Siti pubblici accessibili per tutti? Una corsa a ostacoli

Share

Un anno fa il governo, in applicazione di una direttiva europea sui requisiti di accessibilità di prodotti e servizi (Accessibility act) approvava il decreto legislativo n. 82 del 27 maggio 2022 che impone, tra le altre cose, ai produttori di hardware e software (escluse le piccole imprese) di rendere i loro prodotti e servizi accessibili a tutti, comprese le persone con disabilità, gli anziani, le donne in gravidanza, le persone che viaggiano con bagaglio ecc. Queste disposizioni, che sembrano avere come presupposto il fatto che l’accessibilità a internet sia ormai un vero e proprio diritto, dovranno essere applicate dalle imprese private entro il 28 giugno 2025.

Per l’accessibilità dei servizi si prevede, ad esempio, per i siti web o i terminali elettronici che forniscono servizi al pubblico come i bancomat, i siti per prenotare viaggi l’obbligo di utilizzare caratteri facilmente leggibili, di fornire file elettronici leggibili da un computer mediante software di lettura dello schermo (per le persone non vedenti), di mettere a disposizione i sottotitoli qualora siano fornite istruzioni video o in alcuni casi di fornire la stampa in Braille. Previsto anche un sistema di vigilanza che farà capo al ministero per lo sviluppo economico e all’Agenzia per l’Italia digitale, i quali potranno chiedere l’adeguamento del prodotto o del servizio e, in caso di mancato adempimento, farlo ritirare dal mercato. Prevista anche la possibilità di irrogare sanzioni. Tutto ciò per beni e servizi prodotti dall’industria privata.

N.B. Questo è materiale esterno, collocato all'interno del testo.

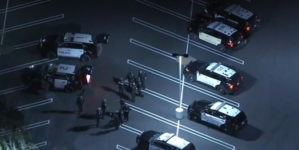 Police kill suspected gunman in Pasadena shootout; 1 officer, 1 victim wounded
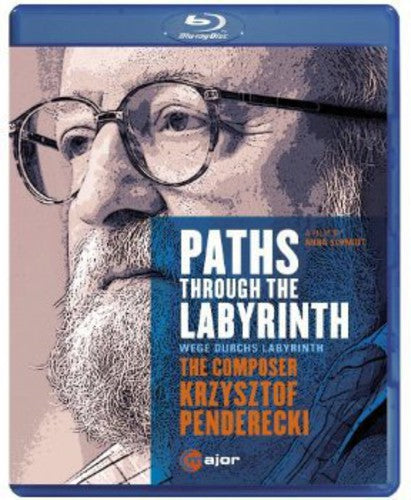 Paths Through the Labyrinth (Blu-ray)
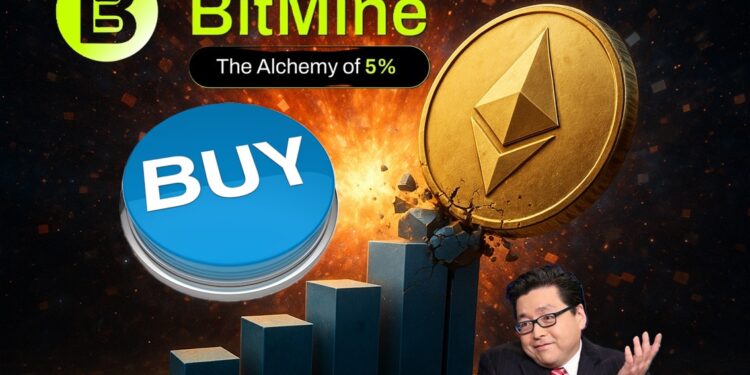 BitMine Ethereum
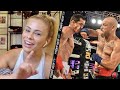 PAIGE VANZANT DETAILS WHY SHE IS DOING BAREKNUCKLE FIGHT "ITS BAD****" TALKS MMA FUTURE & MORE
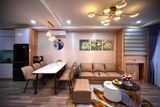 ECOLIFE TÂY HỒ - 3 PHÒNG NGỦ - THỰC TẾ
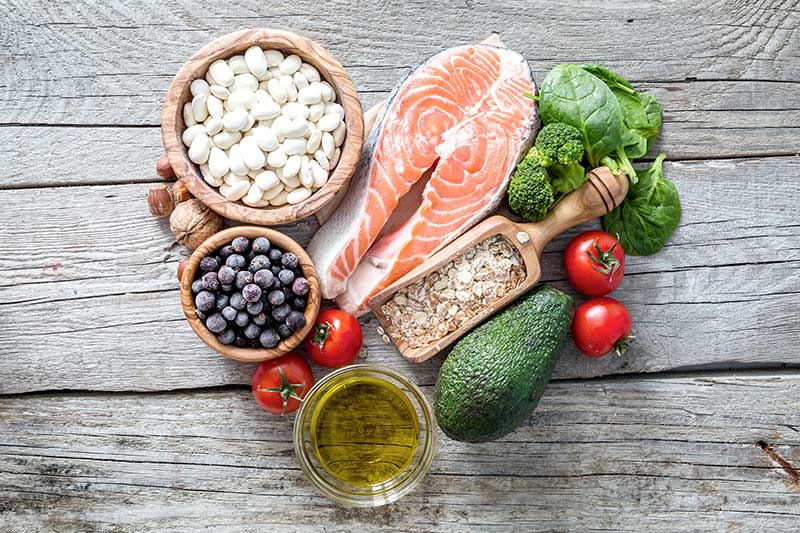 กินแบบ DASH Diet ลดความดัน ป้องกันโรคหัวใจ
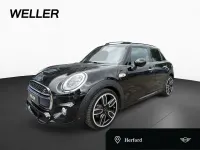 Gebraucht Mini John Cooper Works 231 PS (169 kW) 2016 Schwarz Kleinwagen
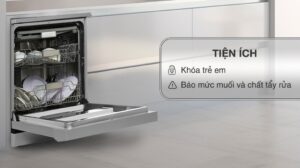 Máy Rửa Bát Hafele HDW-F60E 15 Bộ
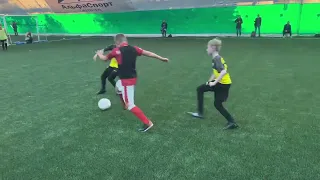 НОВОГОДНИЙ СТРИМ! СМОТРИМ МАТЧИ FENOMEN FOOTBALL ACADEMY.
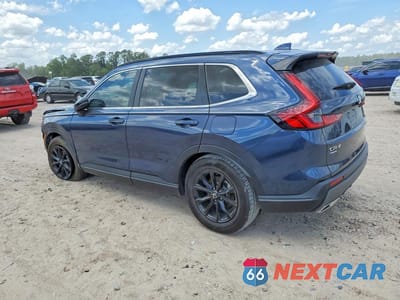 Drugie zdjęcie samochodu z przodu: 2024 HONDA CR-V SPORT-L VIN:7FARS5H87RE015140 - miniatura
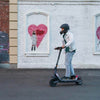 Segway Ninebot P100SE Electric Scooter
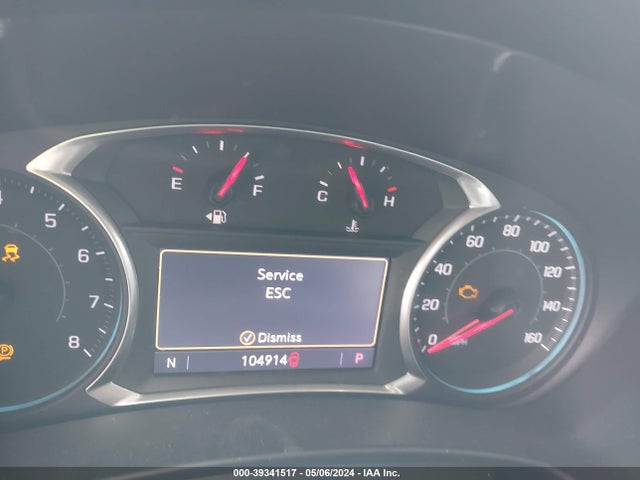 Chevrolet Equinox Premier 2019 2GNAXPEX2K6163698 Image 16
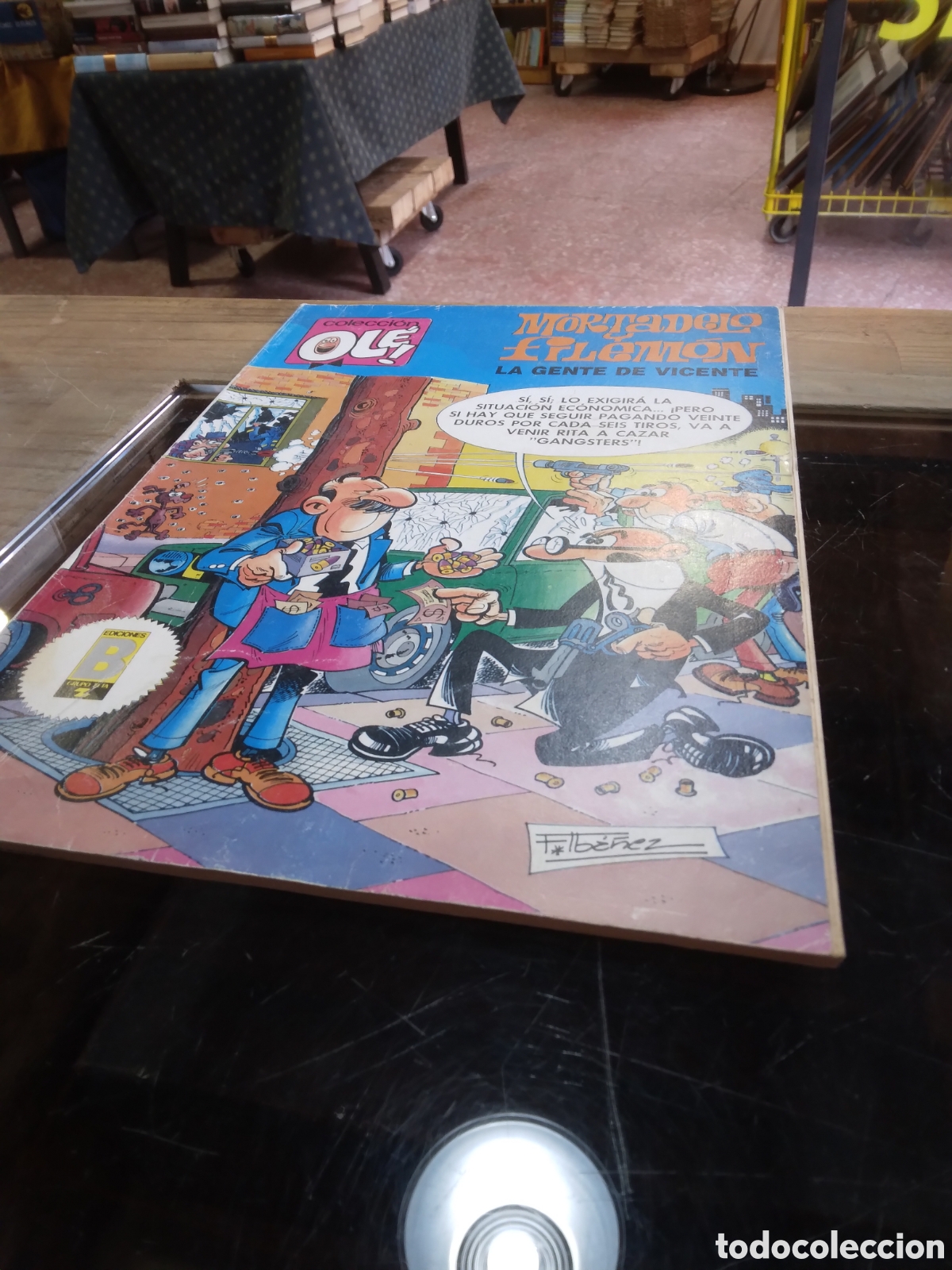 C&oacute;mics: Mortadelo y Filemon, Ole, 192- M.152 - Foto 1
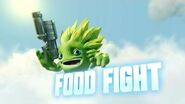 Skylanders Power Play- Food Fight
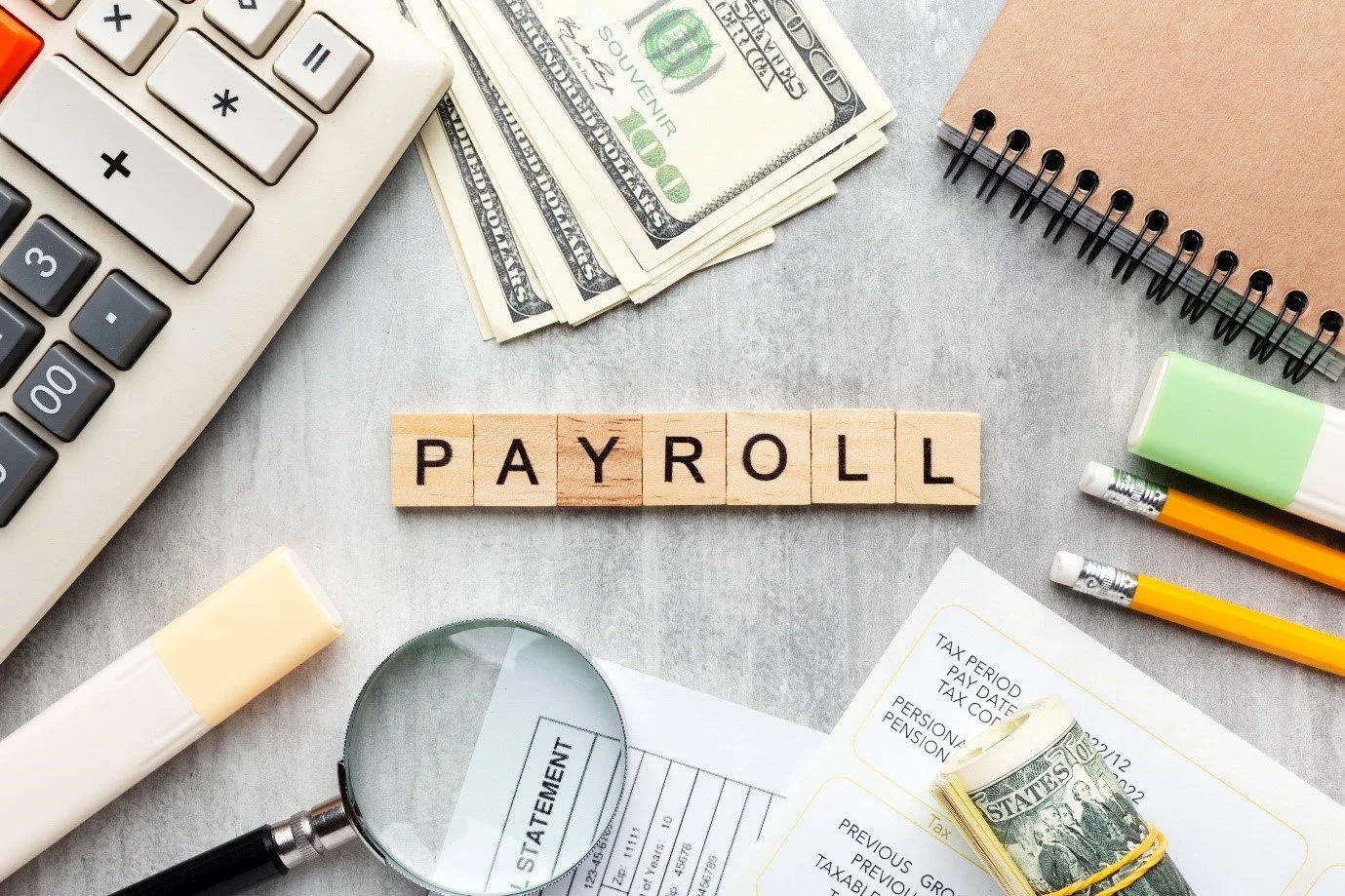 small business payroll services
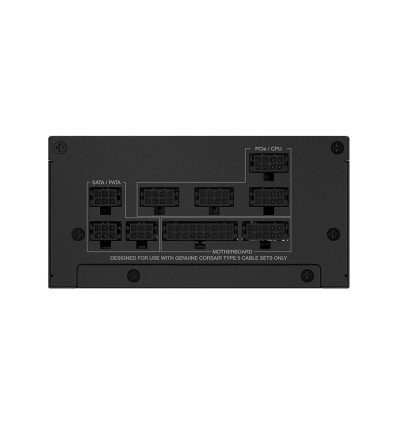 Corsair SF750 ATX 3.1 (PCIe 5.1) Fuente de alimentación 750W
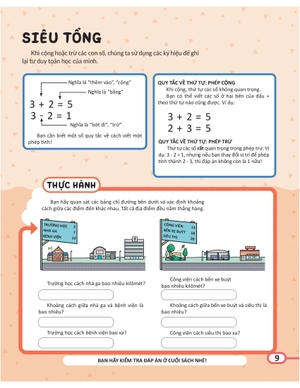 học và thực hành stem đơn giản - khoa học - kiến thức kèm bài tập bổ trợ! - Ảnh 7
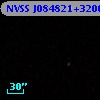 NVSS J084821+320647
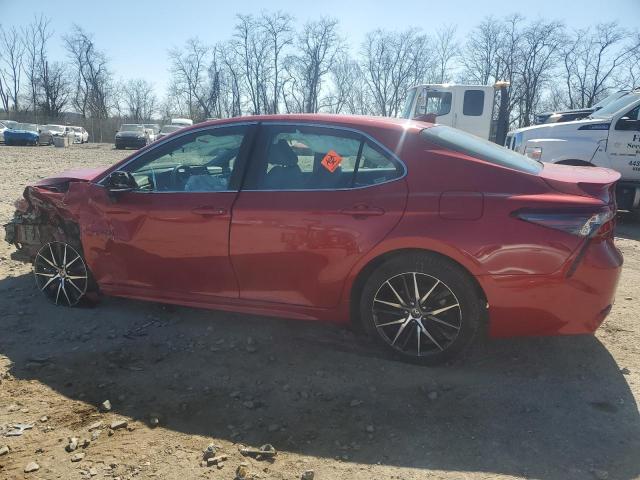 Vin: 4t1g11ak2nu058933, lot: 50937415, toyota camry se 20222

Per quelli della pubblica amministrazione, invece, la legge che dispone l’obbligo di rendere accessibili, user friendly come si dice, i siti che forniscono servizi pubblici è del 2004, anche se le linee guida che definiscono con precisione i requisiti tecnici sono state emanate solo l’anno scorso. La notizia è che, dal primo monitoraggio effettuato su 12 mila siti per verificare l’accessibilità dei siti pubblici è risultato che meno della metà dei siti è pienamente conforme. E non lo sono nemmeno il sito del governo e quello del Garante privacy. Oltretutto si tratta di dati ottenuti prevalentemente per mezzo di autodichiarazioni delle stesse amministrazioni interessate.

Facile quindi che tendano a sovrastimare la conformità, piuttosto che la non conformità (non chiedere all’oste com’è il suo vino). D’altra parte è un dato di esperienza comune quello della difficoltà a rintracciare dati o documenti sui siti pubblici, oppure scontrarsi con il blocco dell’operatività del sito magari proprio sotto scadenza, con la necessità di passare ore davanti al computer nell’attesa che la funzionalità del sito venga ripristinata. Internet è infatti riuscito a scaricare sulle spalle degli utenti operazioni che prima erano compiute da impiegati pubblici. Chiedere che i siti della p.a. siano facilmente accessibili a tutti e non solo ai draghetti del pc, è quindi il minimo sindacale. Ma a quanto pare, è una pretesa ancora non del tutto soddisfatta. Come dire, l’importante è dare il buon esempio.